Hi all,
Jacob Keller wrote:
Does anyone know of a bioinformatics counterpart of ccp4? It seems
like there should really be such an entity, so that folks would not
have to write scripts, reinventing the wheel all of the time. I am
trying right now to manipulate some sequences into various forms, and
I was imagining a "moleman" homolog for bioinformatics (perhaps
seqman....?).
There *was* a CCP for the bioinformatics community - CCP11, which
started life in the 1980s (yes, before ever the term "bioinformatics"
was coined) to support software for sequence analysis. It ran
continuously until 2005, when its last grant was rejected, and funded
software development, support and training, but it never managed to
attract CCP4's level of industrial funding.

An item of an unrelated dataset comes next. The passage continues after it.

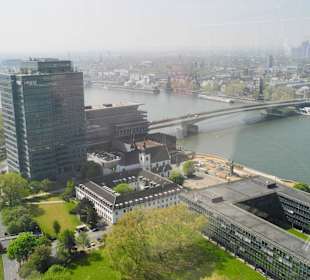 Der Rhein und die Deutzer Brücke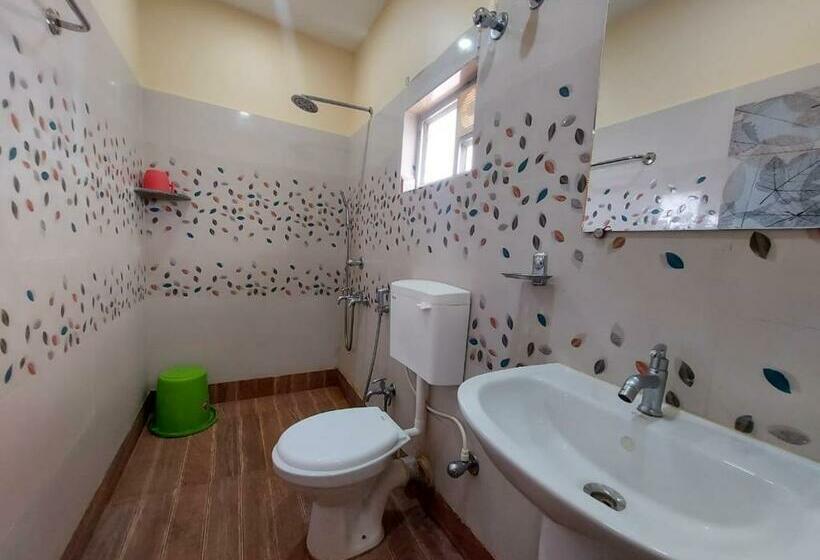 חדר סטנדרט, Sweet Dream Beach Resort !! 50 Mts From Beach ! Peaceful Room With Garden View Free Parking !!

One of the last things the project supported was EMBOSS (mentioned by
Claudine), which is still being developed; its home page is
http://emboss.sourceforge.net/. It may well have some of the
applications that you are looking for. There is a general mailing list
[EMAIL PROTECTED] that has much lower traffic than this one.
I was involved in CCP11 for about the last five years of its existence.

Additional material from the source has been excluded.